# coyote calls



## utahhunter678 (Nov 3, 2012)

I have seen a few coyotes but its been by happenstance not by anything I did. What calls do you recommend. I don't have the pockets for a FoxPro. I'm talking about actual calls by mouth. I see coyotes but I can't call any in. I honestly don't know what I'm doing so some advice on call types in different areas would help.


----------



## WeaselBrandGameCalls (Aug 16, 2010)

Most closed reed calls will work well, but they may freeze in below freezing temps. Open reed calls work well. Tally-Ho, Critter Call and others are fairly inexpensive and work. Or....you can buy a custom call. The choice is yours.


----------



## reb8600 (Sep 8, 2007)

Forget the factory calls and look at the custom calls. They are not that much more and sound a lot better. There are several call makers here in Utah. Weasel makes a great call. Another one I like is Carver Predator Calls.


----------



## HighNDry (Dec 26, 2007)

One of my best calls is to make a kissing sound on the back of my hand. Throw a few squeaky kisses out there and sit back and enjoy. Coyotes and fox have great hearing. In areas that I know hold coyotes and fox that is all I do sometimes. 

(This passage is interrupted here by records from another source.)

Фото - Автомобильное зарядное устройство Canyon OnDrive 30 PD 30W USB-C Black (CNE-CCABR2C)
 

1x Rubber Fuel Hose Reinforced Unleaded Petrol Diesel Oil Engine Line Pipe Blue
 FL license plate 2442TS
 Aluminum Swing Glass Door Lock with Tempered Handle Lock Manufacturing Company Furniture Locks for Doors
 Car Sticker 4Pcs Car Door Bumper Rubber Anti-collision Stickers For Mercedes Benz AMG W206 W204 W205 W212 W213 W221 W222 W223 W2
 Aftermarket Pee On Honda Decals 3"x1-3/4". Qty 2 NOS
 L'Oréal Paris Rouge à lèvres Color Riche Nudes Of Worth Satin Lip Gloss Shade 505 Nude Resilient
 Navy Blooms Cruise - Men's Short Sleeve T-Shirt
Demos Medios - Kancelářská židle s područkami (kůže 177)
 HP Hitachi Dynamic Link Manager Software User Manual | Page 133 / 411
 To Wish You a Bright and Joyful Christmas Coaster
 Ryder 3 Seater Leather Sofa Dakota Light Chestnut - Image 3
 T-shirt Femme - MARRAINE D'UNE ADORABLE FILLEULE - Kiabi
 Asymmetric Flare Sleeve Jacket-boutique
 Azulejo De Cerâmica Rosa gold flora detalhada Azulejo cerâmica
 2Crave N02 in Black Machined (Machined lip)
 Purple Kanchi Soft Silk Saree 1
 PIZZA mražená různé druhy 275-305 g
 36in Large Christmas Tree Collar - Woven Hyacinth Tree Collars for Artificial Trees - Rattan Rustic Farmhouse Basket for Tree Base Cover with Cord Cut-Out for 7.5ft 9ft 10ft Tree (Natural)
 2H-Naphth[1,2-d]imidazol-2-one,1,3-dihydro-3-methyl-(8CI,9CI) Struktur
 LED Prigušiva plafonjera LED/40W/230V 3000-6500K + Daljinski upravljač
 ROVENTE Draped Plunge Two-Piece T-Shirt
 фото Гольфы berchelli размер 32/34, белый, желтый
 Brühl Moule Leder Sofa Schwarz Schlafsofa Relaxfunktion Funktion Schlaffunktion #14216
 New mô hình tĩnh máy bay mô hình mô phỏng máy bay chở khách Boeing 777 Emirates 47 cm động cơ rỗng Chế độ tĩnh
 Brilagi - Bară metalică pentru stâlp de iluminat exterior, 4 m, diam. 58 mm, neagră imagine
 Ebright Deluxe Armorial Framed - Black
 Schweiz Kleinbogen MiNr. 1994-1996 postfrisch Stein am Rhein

My best success has come with a factory made call of closed reed type. I've found "my" way of blowing it and can create some nice sounds. I get much more satisfaction out of calling by hand than with electronics. I like the feeling I get from knowing I made the sounds and not some electronic device, but that's just me. I'm more of a minimalist when it comes to calling.


----------